Troubleshooting System Issues with DS Expert
Novell Cool Solutions: Trench
By Juli Kerr
Digg This -
Posted: 27 Feb 2002
The team at NetPro are constantly creating award-winning tools to help systems administrators manage their network directories. For more information on their product offerings, visit their web site at www.netpro.com.
Most eDirectory administrators start out with the best of intentions. They take responsibility for the company's mission-critical tree and plan in earnest to keep close track of changes and additions, replica rings, and partitions.
Then reality hits. Within in a matter of weeks, administrators are in the thick of meetings and fire fighting, and documentation takes a back seat. Only when they stare down the mysterious path of a far-reaching directory error do they realize that prioritizing their best intentions could have saved them from a company-wide network crisis.
One company's recent experience is a case in point. It was a typical workday for a busy administrator until the calls started coming in to the help desk. Users were reporting both login and authentication issues, and upper management called because they got wind of increased call traffic to the help desk. A series of critical eDirectory servers had crashed, and the impact was devastating. In the end, the key to troubleshooting and fixing the problem was determining which servers held real copies of a partition. Lack of documentation made that task nearly impossible, so the administrator turned to several Novell tools --- DSRepair and NDSManager -- to assess replication status.

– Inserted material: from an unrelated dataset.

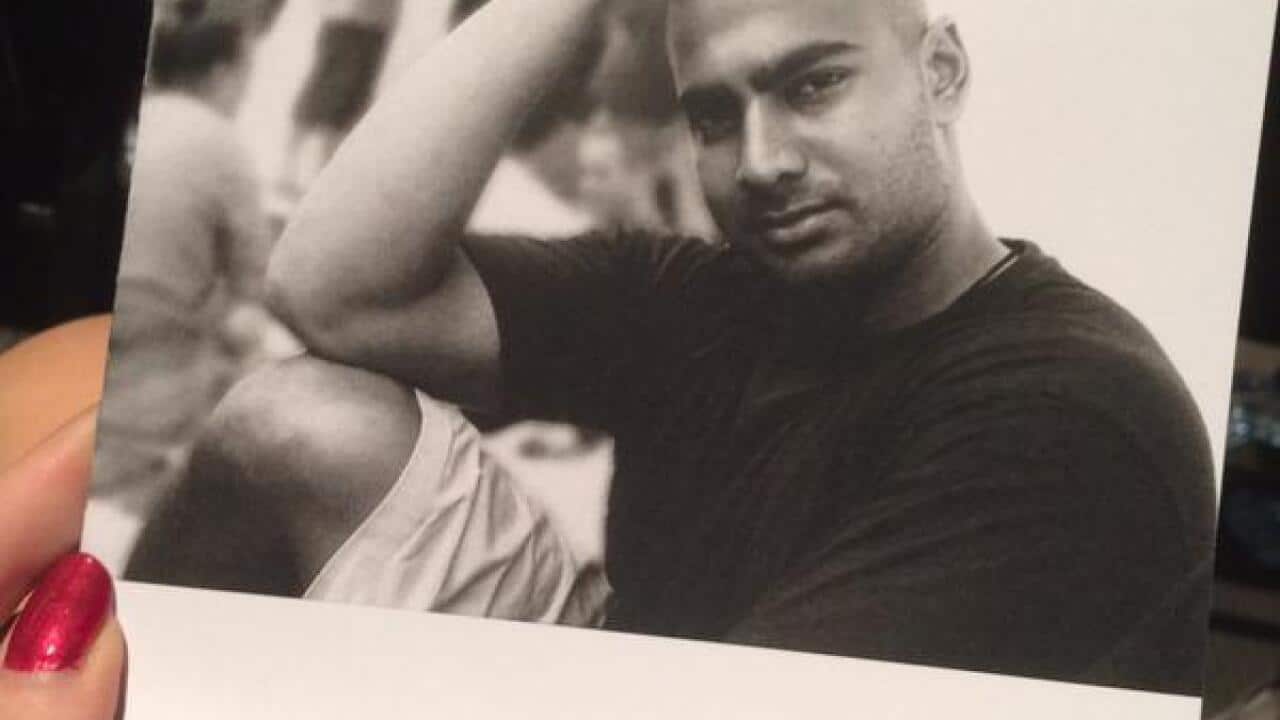 Mourners arrive for Myuran Sukumaran's funeral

But, as this company later learned, there is another way -- NetPro's DS Expert. The industry leader in real-time eDirectory monitoring and alerting, DS Expert provides vital information regarding the status of the environment, including replica rings, partitions and replication status. DS Expert delivers information without time-consuming, manual processes that may be impossible to perform after a serious directory problem occurs.
Getting to the root of the problem.
Various circumstances made it especially difficult to determine which server had real copies of a partition. The company had Read/Write and Master replica holder servers near the top of the tree. The tree hosted approximately six of these servers. A few of the servers held as many 80 replicas, while other servers in the tree hosted 25 to 30. Even with that many replica holder servers, delivering the information should not have been a problem. But, because replication methodology and corresponding documentation was poorly executed, it was nearly impossible. In fact, the administrators didn't know for certain that Server 2 held the Master for the southeastern partition, and that Server 1 hosted the corresponding Read/Write. In addition, there was no documentation stating which of the four local servers could possibly hold a Read/Write replica. To make matters worse, one of the servers that held an equal amount of Read/Write replicas and Masters was one of the servers that crashed.
The system displayed --603 errors (indicating No_Such_Attribute associated with a server name), and the effort that ensued to get to the root of the problem, outlined below, were both manual and painful.
- First, the IT team determined that the problem was either the public key or the remote ID.
- They ran DSRepair to verify remote server IDs.
- The errors appeared, so the team ran DSRepair again to verify the remote server IDs and again, the --603 errors appeared.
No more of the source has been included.